▶ **Entries shown**

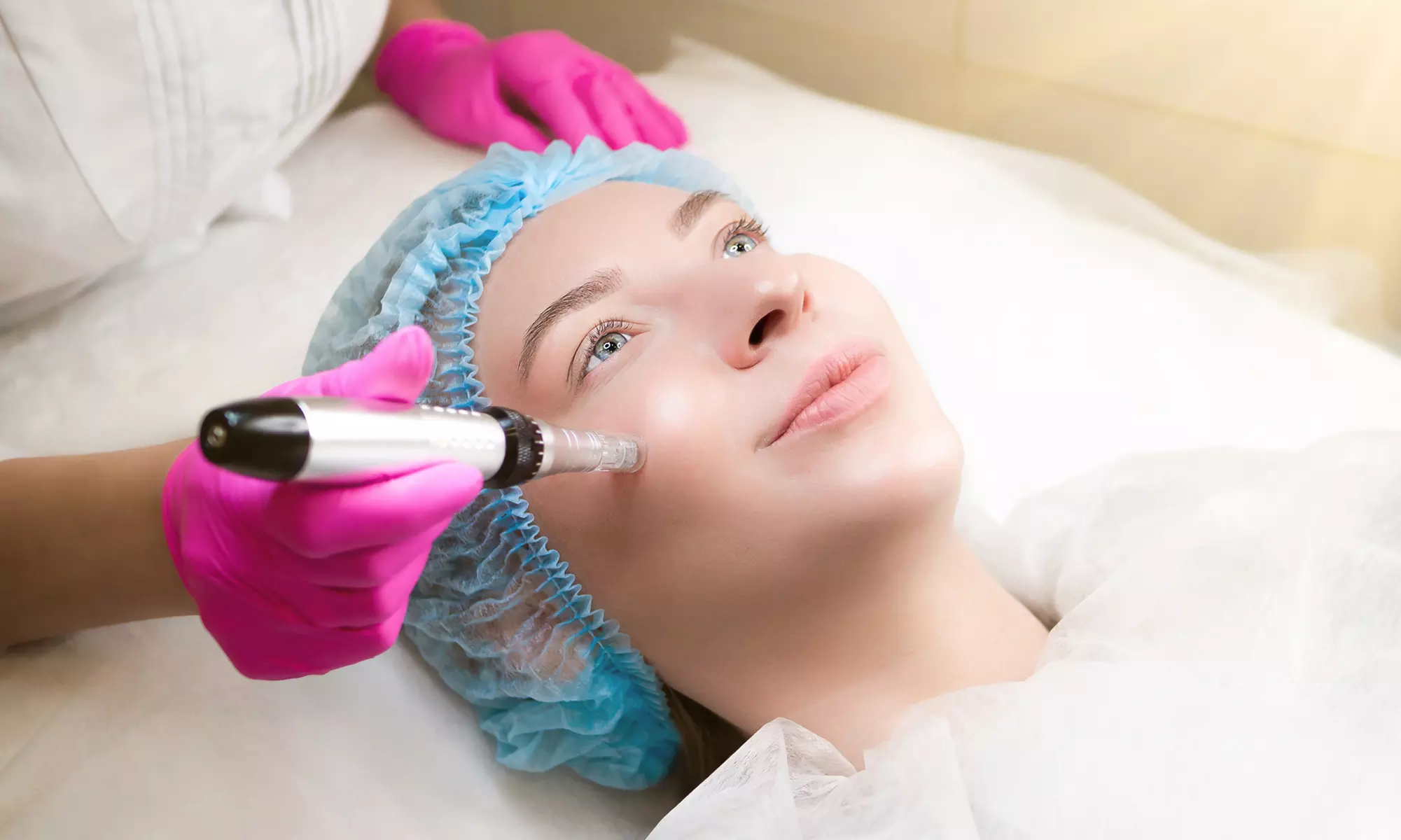 Glow Up: One or Two Micro-Channeling Treatments for Radiant Skin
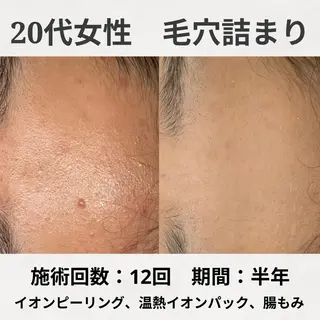 ニキビ跡改善専門🔥 医療にはできない改善のエステ・リラクイメージ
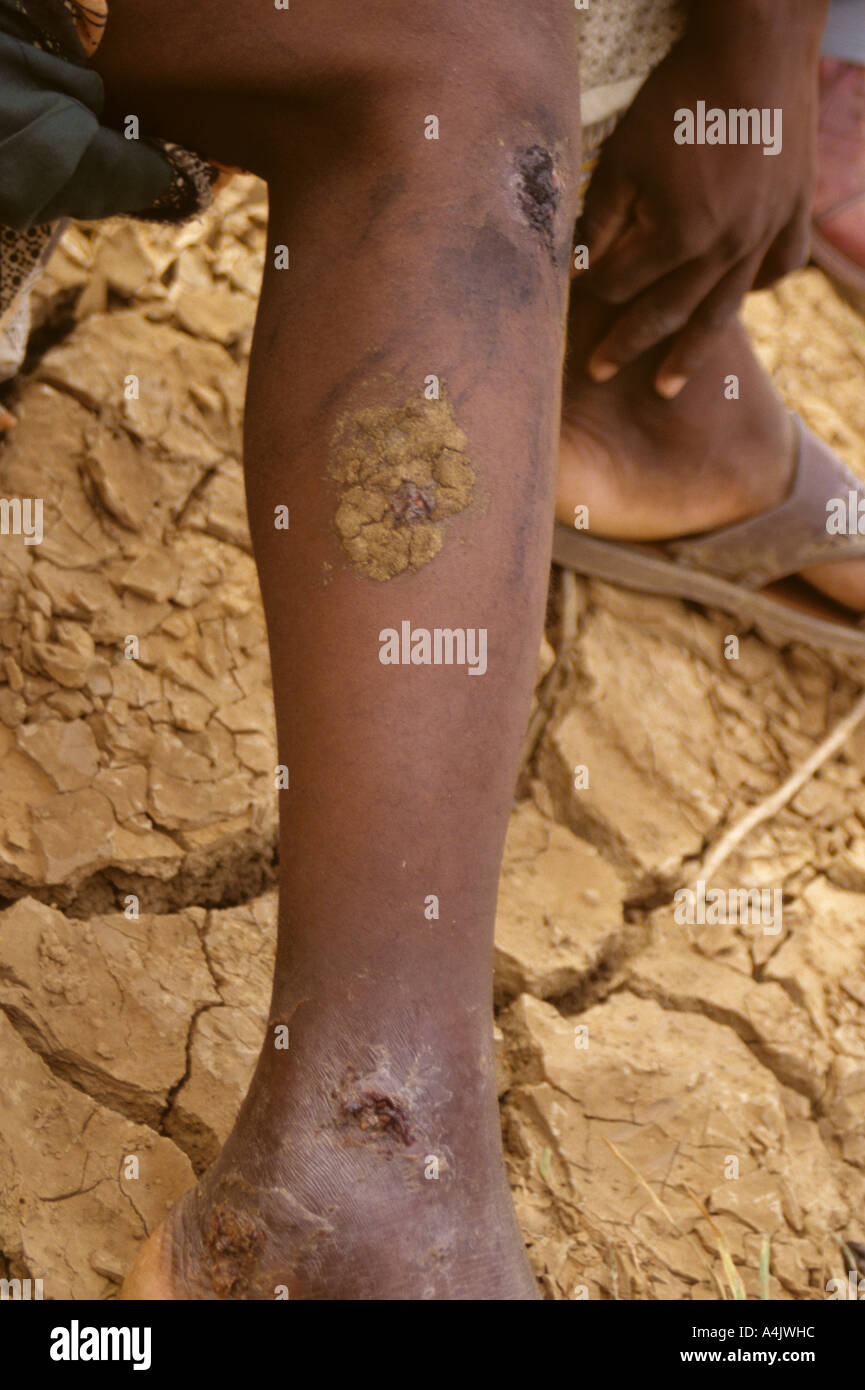 Bankilare, Niger, West Africa. Cow dung covers open sores caused by Guinea worm, Niger. Stock Photo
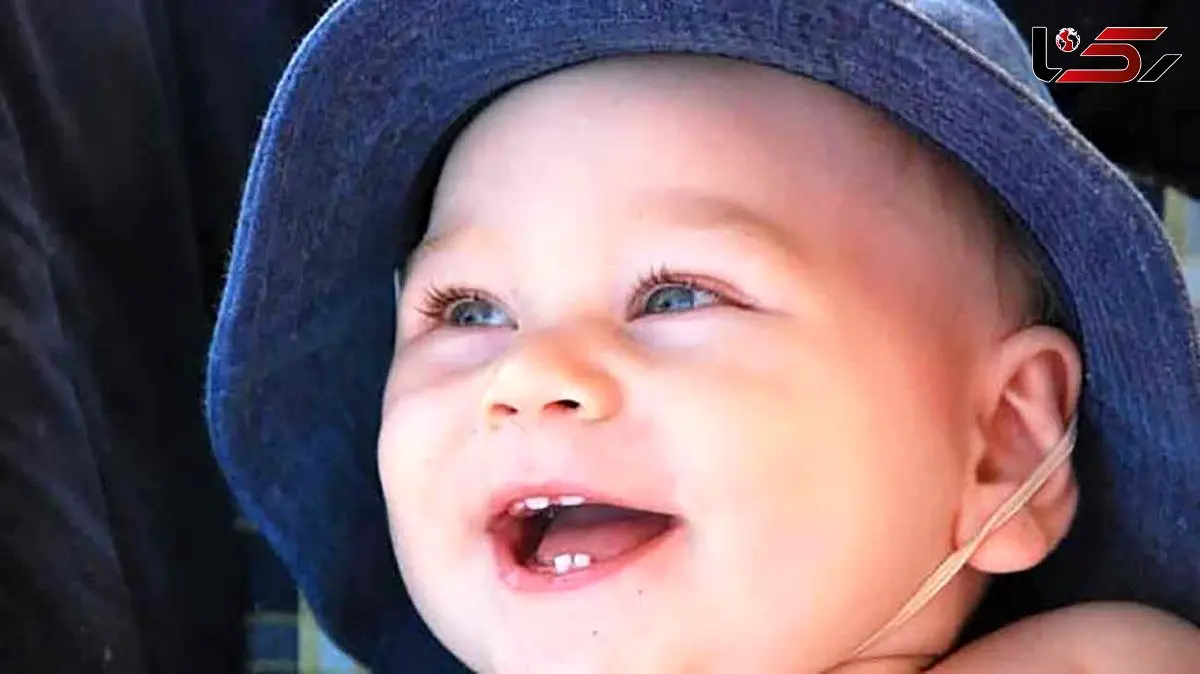 روش مراقبت از دندان‌ های شیری و دائمی کودکان پس از ضربه خوردن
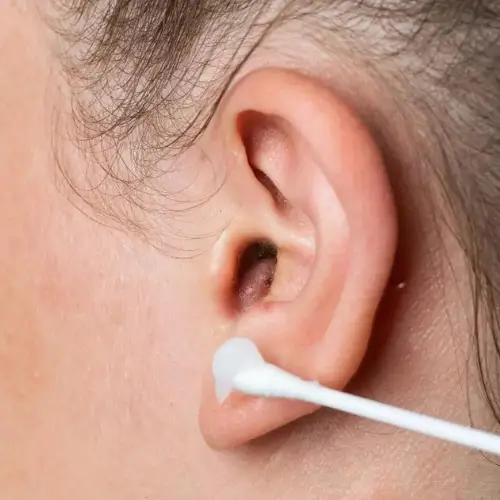 Comment accélérer la guérison des trous d'oreille après un perçage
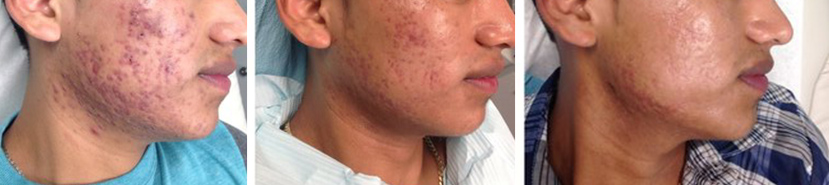 Acne scarring dermatology treatment at Skin & Laser Dermatology Center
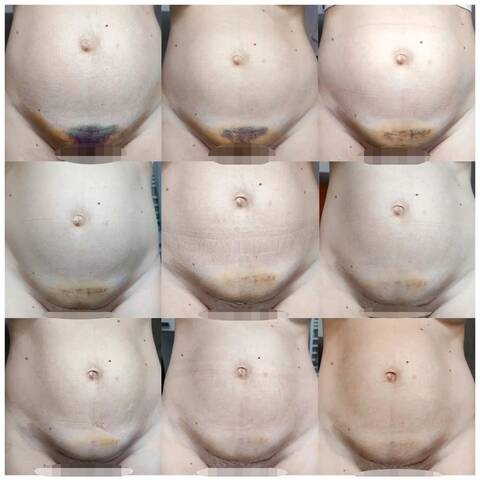 kaisariki tomi anarrosi oulis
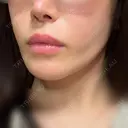 糸リフト / バッカルファット除去 / 脂肪吸引（顔） / ジョールファット除去 BLINC CLINIC （ブリンク クリニック） DAY 113 サムネイル用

▶ **Directions**
The answer should contain only the lines from the one with "Bankilare, Niger, West" through the last line of the material, given word for word and without pictures.

▶ **Expected output**
 Bankilare, Niger, West Africa. Cow dung covers open sores caused by Guinea worm, Niger. Stock Photo
 روش مراقبت از دندان‌ های شیری و دائمی کودکان پس از ضربه خوردن
 Comment accélérer la guérison des trous d'oreille après un perçage
 Acne scarring dermatology treatment at Skin & Laser Dermatology Center
 kaisariki tomi anarrosi oulis
 糸リフト / バッカルファット除去 / 脂肪吸引（顔） / ジョールファット除去 BLINC CLINIC （ブリンク クリニック） DAY 113 サムネイル用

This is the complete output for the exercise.